» AVAILABLE DATA:
Start of Block

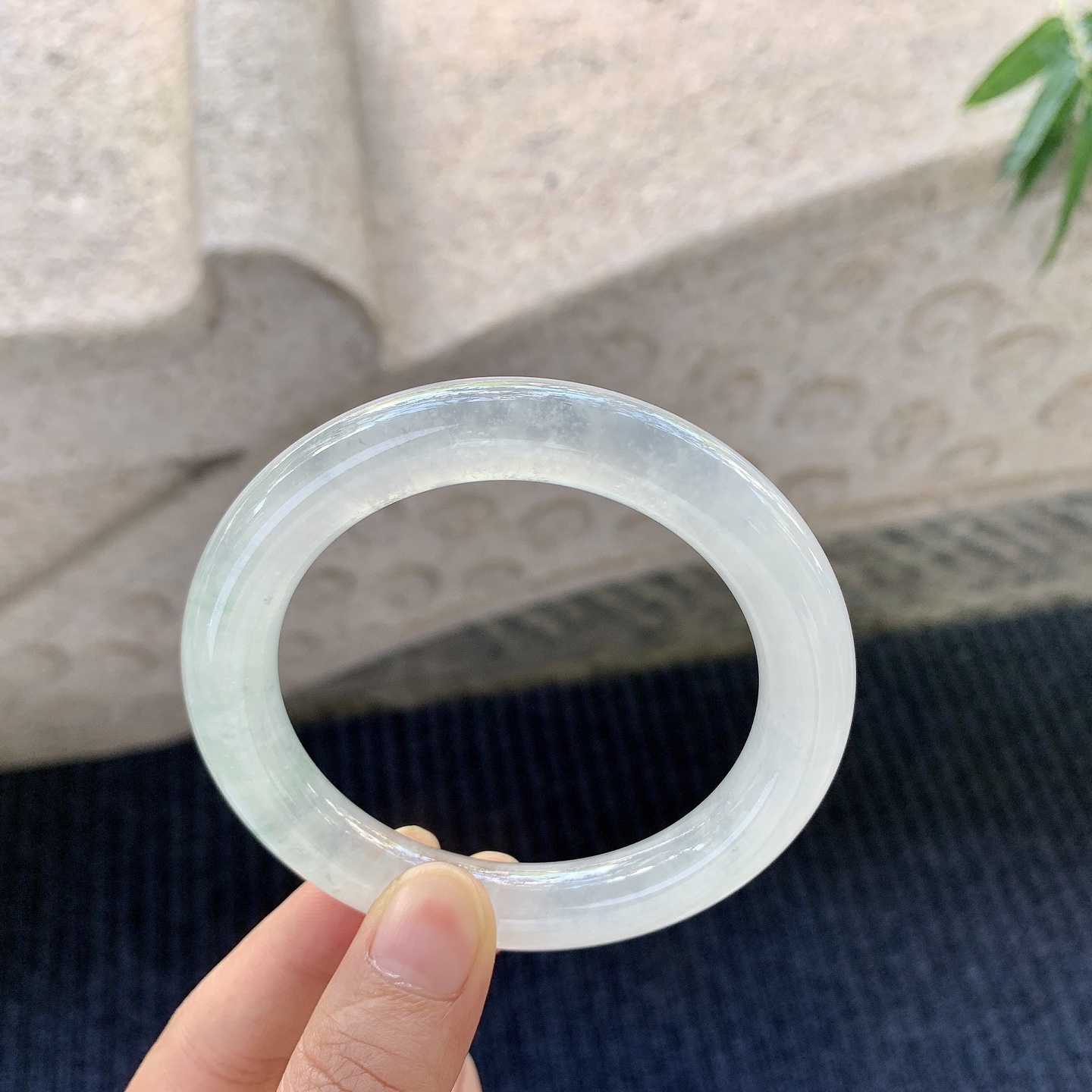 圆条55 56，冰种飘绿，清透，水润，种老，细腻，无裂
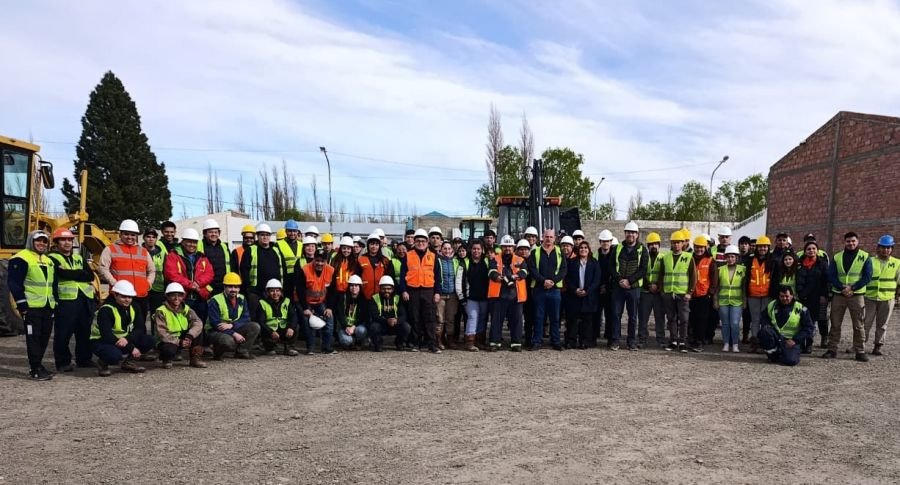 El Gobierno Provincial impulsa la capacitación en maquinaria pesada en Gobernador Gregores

End of Block
Start of Block

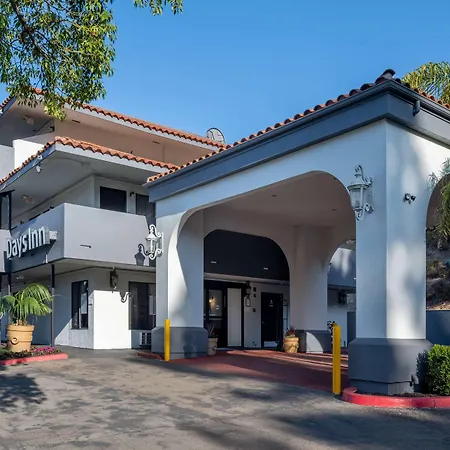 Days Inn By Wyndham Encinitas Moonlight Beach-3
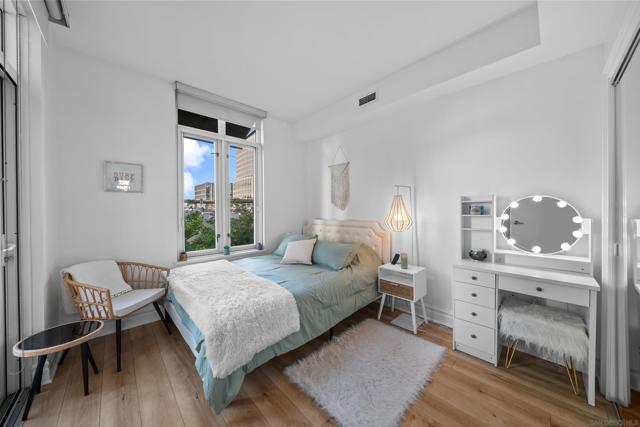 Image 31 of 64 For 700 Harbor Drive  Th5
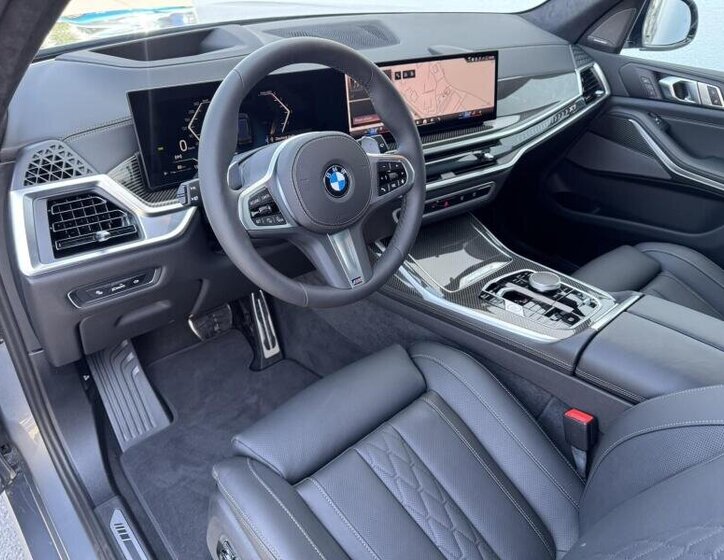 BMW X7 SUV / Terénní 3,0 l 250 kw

End of Block

» YOUR ASSIGNMENT:
What you return from the records above should be exactly everything from the line with "Days Inn By" down to the line with "BMW X7 SUV / Terénní 3,0 l 250 kw", both kept, and no pictures.

» ANSWER TO THE EXERCISE:
 Days Inn By Wyndham Encinitas Moonlight Beach-3
 Image 31 of 64 For 700 Harbor Drive  Th5
 BMW X7 SUV / Terénní 3,0 l 250 kw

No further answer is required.